Maybe you subscribe to some del.icio.us feeds in your RSS reader. Probably means you have a del.icio.us account… Is it a one sided fence? Certainly not. Would there be the RSS feeds if other people didn’t have an account? No… because you’d be the only one tagging anything. So, there are people who have an account, and there are people who subscribe to the RSS feeds. Now, since a lot of the people reading the RSS feeds also have an account, let me help you help those people - the ones on the other side of the fence. Your del.icio.us neighbors, if you will.
Tag Appropriately
I’m not sure where ohskylab comes from thinking that How to avoid crying when chopping onions goes under the gtd tag. I’m perfectly fine with that going under cooking, food, lifehacks (since it was posted on lifehacker), and onions. The tag gtd for most “sane” people means Getting Things Done. Now, no offense to my friend ohskylab, but how does knowing how to not cry when cutting an onion help me Get Things Done? Do I get to move on to the Next Action faster because I don’t have to wipe me eyes after cutting up the onion? I guess so… And I guess I also increase my Mind Like Water state since all that saline stays in my head instead of coming out through my tear ducts. If you think the gtd is okay, then let’s move on. If you agree with me that it’s a bit overkill, you can skip down to the next headline.
Still there? Good, then you’re ready to look at food. Now, an onion is definitely food. On the surface, we’re Good2Go. But does knowing how to cut an onion belong in food when it’s also under cooking? If so, then nearly every cooking post could would also be tagged as food, and that makes the food tag kind of redundant, no? Speaking of redundant… if an onion is food, does it really need to be tagged as onions? Is there every going to be a time when you tag something as onions, but not food? There is The Onion… but I don’t think that would get tagged as the plural “onions” but rather the singular “onion” or perhaps even “theOnion.”

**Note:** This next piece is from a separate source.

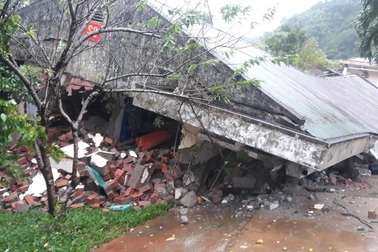 Cận cảnh vụ sạt lở kinh hoàng tại Đồn Biên phòng Cửa khẩu quốc tế Cha Lo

Which leads unceremoniously to my next point…
Reduce Overtagging
How Many Tags Do You People Have?? ONIONS? You have a tag for ONYUNS?? For Cry Pete! I’m not sure who ohskylab is, but he/she’s got 16.5 pages (on 1400x1050 resolution) of tags! That’s a {expletive} ton of tags. I like to use my del.icio.us account as a time-saving device, as opposed to a time-wasting device. I still do a horrendous job of saving things (I save way too much stuff that I will most likely never look at again), but I consciously try to keep the number of tags I have low to reduce the amount of time I have to spend looking through tags to remember what I tagged something as. (On a related note, you can search your del.icio.us bookmarks. Related like brother and sister, it is.)
Tag What You Need
Once again lacking all ceremony: My Next Point… Once you read how to cut out the bottom of an onion before cutting apart the rest of it, do you really need to save the page? Chances are, if someone is subscribed to the lifehacks tag at del.icio.us, they’re also subscribed to lifehacker.com and lifehacks.org and lifehackmetopieces.co.uk as well. They’re going to find the same information you are, and they’re never going to really need to look at it again either. Until they go senile. Which will probably be when computers (or else onions) have been advanced to the point where they’re nothing like anything we currently have anyway.
Summary
1. Tag Appropriately - don’t stick square pegs in round holes just because the holes are bigger than the squares
2. Reduce Overtagging - if you have more than about 2 screens of tags, that’s probably more than you really need. “Your focus determines your reality.”
3. Tag What You Need - are you really going to look at it again?
I am certainly going to examine the tagging process again… just you wait. Until then, Look Now Look Again.